/ 2 September 2013

M&G LitFest: Metaphorical dimensions that shape fiction

A wide-range of topics were touched on at the session titled 'Fact & fiction: The story is our escort
A wide-range of topics were touched on at the session titled 'Fact & fiction: The story is our escort, without it we are blind'.

On Sunday, Craig Higginson chaired the session "Fact & fiction: The story is our escort, without it we are blind". The panel comprised four debut novelists: Claire Robertson, Dominique Botha, Maren Bodenstein and Carol-Ann Davids. 

It was a wide-ranging and erudite discussion. Higginson asked the authors to consider the extent to which they drew on their personal lives as material for their novels, as well as the allegorical or metaphorical dimensions of their works. The perennial South African literary question of the ethics of "writing the other" was also enthusiastically debated at the close of the session. 

According to Robertson, her background in journalism allows for her objective approach, which, she said, is so entrenched in her writing style that she feels "unable" or "not brave enough" to reveal herself in her writing. Despite this, certain aspects of her character and experiences have seeped into The Spiral House.

Higginson complimented Robertson's employment of allegory in a way that opens up meanings, rather than seals off interpretations in the way that blunt allegories often do. Robertson explained that the characters in parts of the book were vivid, whereas those represented in later years were purposefully caricatured; living a "dry as dust existence" in order to show the impact of apartheid on relationships and identity. In this sense the earlier characters invited a richer allegorical reading, whereas the latter had been reduced to types.

False River is categorised as a novel, however Higginson queried this category seeing that Botha and the people to whom the book is dedicated appear as characters in the novel. While the book is a "highly personal story", Botha used "novelistic techniques" and disputed whether truth is ever really achievable, particularly in capturing dialogue. She proposed that "to retrieve a memory is a first act of fiction". In this sense the distinction between memoir and novel is "spurious", despite the reader's need for one.

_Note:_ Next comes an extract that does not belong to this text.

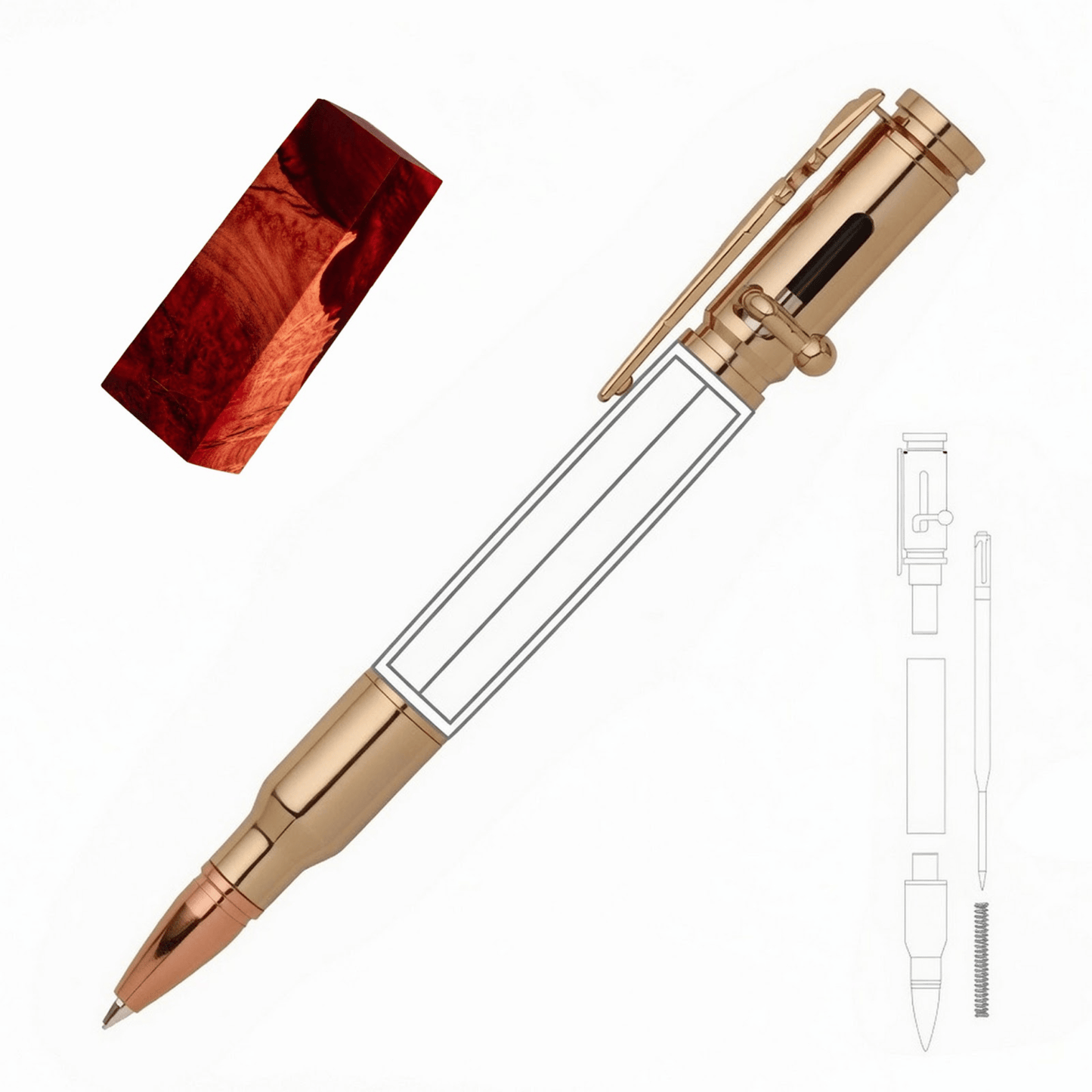 30 Cal Bolt Action Pen - White Oaks Woodworking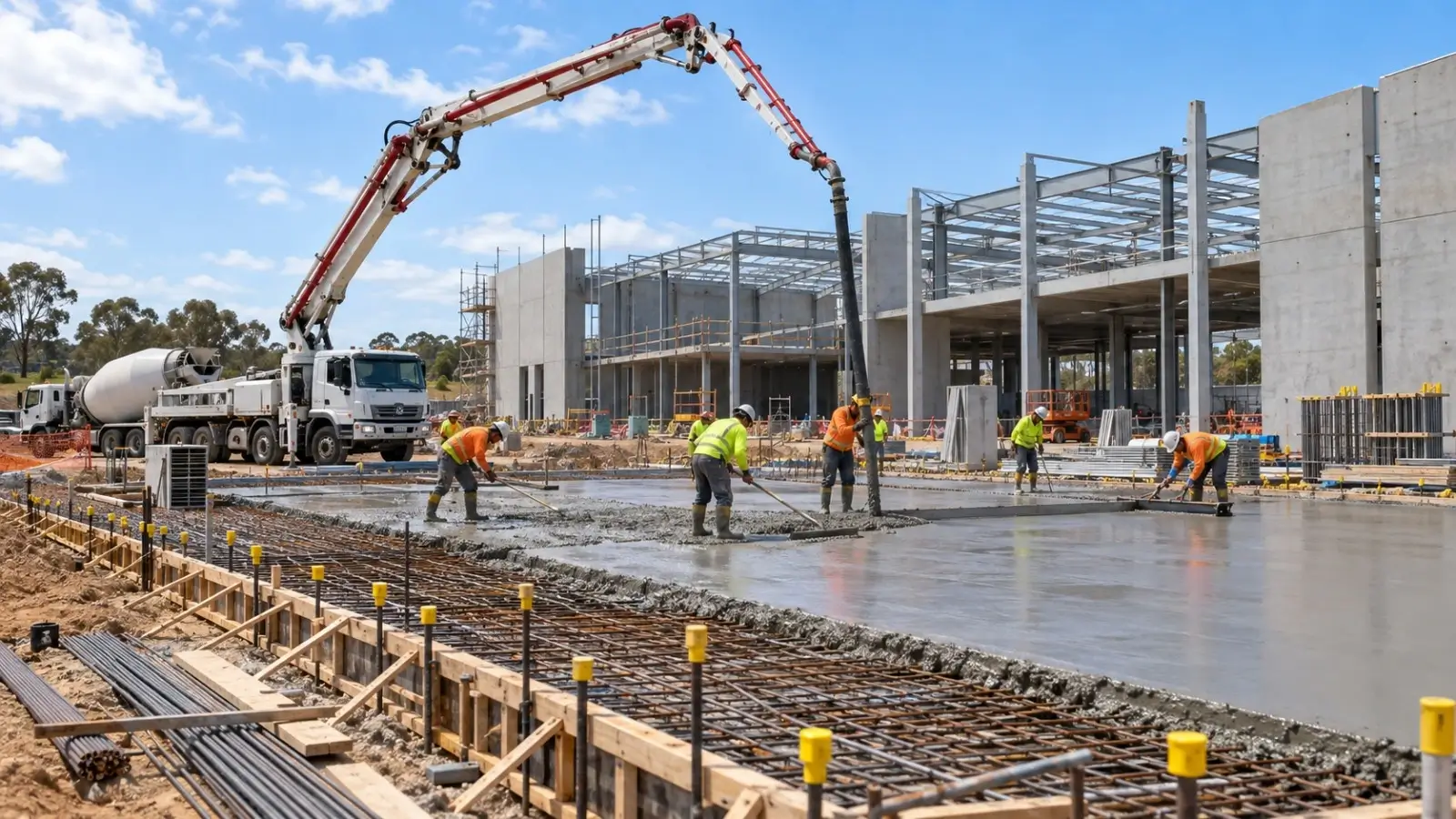 Concrete pump at a commercial building site using an additional power supply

Botha wrote the novel in English and then translated it into Afrikaans, as Vals Rivier. Higginson said he was impressed by her poetic style and her ability to convey "the textures of Afrikaans in English". Botha ascribed this effect to her initial process of "transliterating memories laid down in Afrikaans", which are then "retrieved and put into English in an environment which is very clearly Afrikaans".

Metaphorical readings
The novel's title suggests several intriguing metaphorical readings. It is the name of the farm on which her late brother, Paul, is buried, yet there is also a connection to the poet Eugène Marais whose biography was entitled Dark Stream. At the festival, it was also heard that Paul was obsessed with Marais and they both battled drug addiction. 

Higginson suggested that Shooting Snakes "reads like a memoir in its authenticity of details and anecdotal tone". Bodenstein admitted that the novel stemmed from researching the family history of an old missionary. The textures of his life were familiar to Bodenstein who grew up in a missionary town; thus she was "guided by someone else's story". For that reason, the author said she appreciated the title of this session. Higginson admired the use of these minute details, which Bodenstein says allowed her to "enter the intimacy of life, the truth of life".

Concerning the origin of the title, Bodenstein explained that while writing the novel, she was living in an "archetypal gevrekte dorp [dead town]". Her neighbour would patrol his yard on Sunday afternoons, shooting snakes. It seemed such an apt "symbol for South Africa, or some part of it, this overreaction to snakes, the violence of things". The biblical serpent and the Venda python dance also influenced the choice of the snake motif. Higginson suggested that by shooting the snake, "you destroy what you don't understand". Bodenstein agreed, extending the metaphor to include the missionaries who had the gall to brand an entire spiritual belief system as wrong; "just like shooting snakes".

Davids disclosed that the motivating factor in writing her novel was to write of "a Cape Town fraught with layers" and simultaneously to reflect on her own life. "I hadn't read a book that explored the politicised community I came from". So she decided to write one and to disrupt the clichéd view of the city. Davids's verdict on the veracity of her novel is that "it's entirely fictional … but that's not true".

The title, The Blacks of Cape Town, is a kind of a "joke", Higginson said, since "blackness is one of the things in dispute in the novel. Davids intention was to complicate ideas of race rather than speak for, or represent, a certain group. She also drew on her experiences living in the US and how Americans struggled to identify her race, or found her illegible. She wondered, "Can you classify anyone as authentic anything in SA?"